Drury is playing devil's advocate. “He didn't know you were police officers. You must have scared the shit out of him. No wonder he took off—”
“He had a gun. He pointed it at my partner.”
“Partner? I was under the impression that DC Barba worked for the Diplomatic Protection Group and is currently on holiday leave . . .” He consults his notebook. “And according to my information, you were suspended from all duties yesterday and are now the subject of an investigation by the Independent Police Complaints Commission.”
I'm getting pretty pissed off with this guy. It's not just him—it's the whole attitude. Forty-three years on the force and I'm being treated as if I'm Charles Bronson making Death Wish XV.

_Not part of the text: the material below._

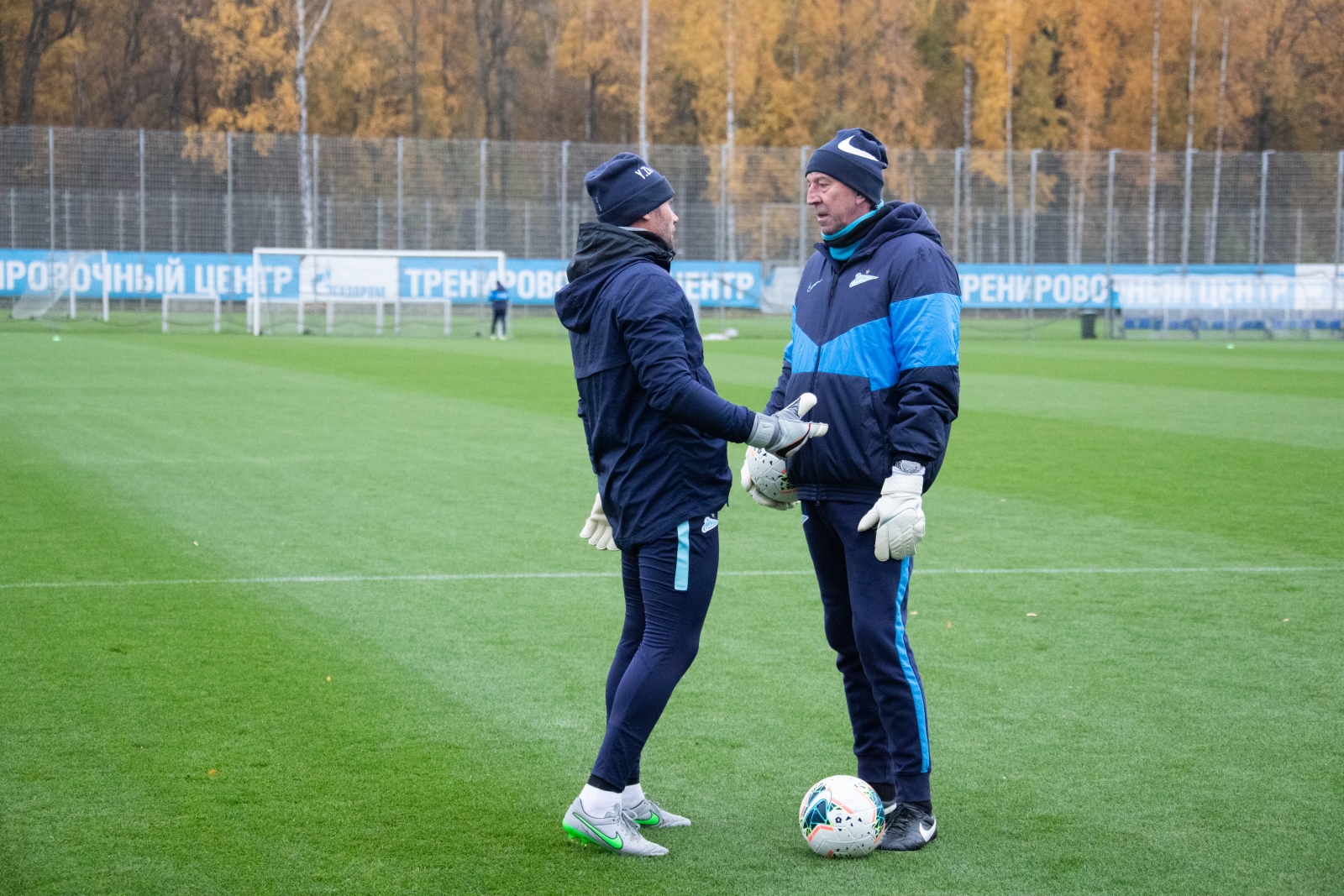 Открытая тренировка «Зенита» перед матчем с «Ростовом»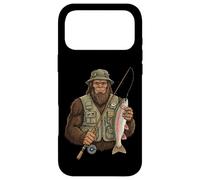 Rainbow Trout Bigfoot Fisher Steelhead Fish Angler Case for iPhone 17 Pro Max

In the old days there would have been sixty officers crawling all over this place—searching for the car, interviewing witnesses. Instead, I have to put up with this crap. Maybe Campbell's right and I should have retired three years ago. Everything I do nowadays is either against the rules or treading on someone's toes. Well, contrary to popular opinion, I haven't lost my edge. I'm still smarter than most scrotes and a damn sight cleverer than this prick.
“Ali can answer the rest of your questions. I have better things to do.”
“You'll have to wait. I haven't finished,” says Drury.
“Are you carrying a gun, DS?”
“No.”
“What about handcuffs?”
“No.”
“Well, if you can't shoot me and you can't shackle me—you can't keep me here.”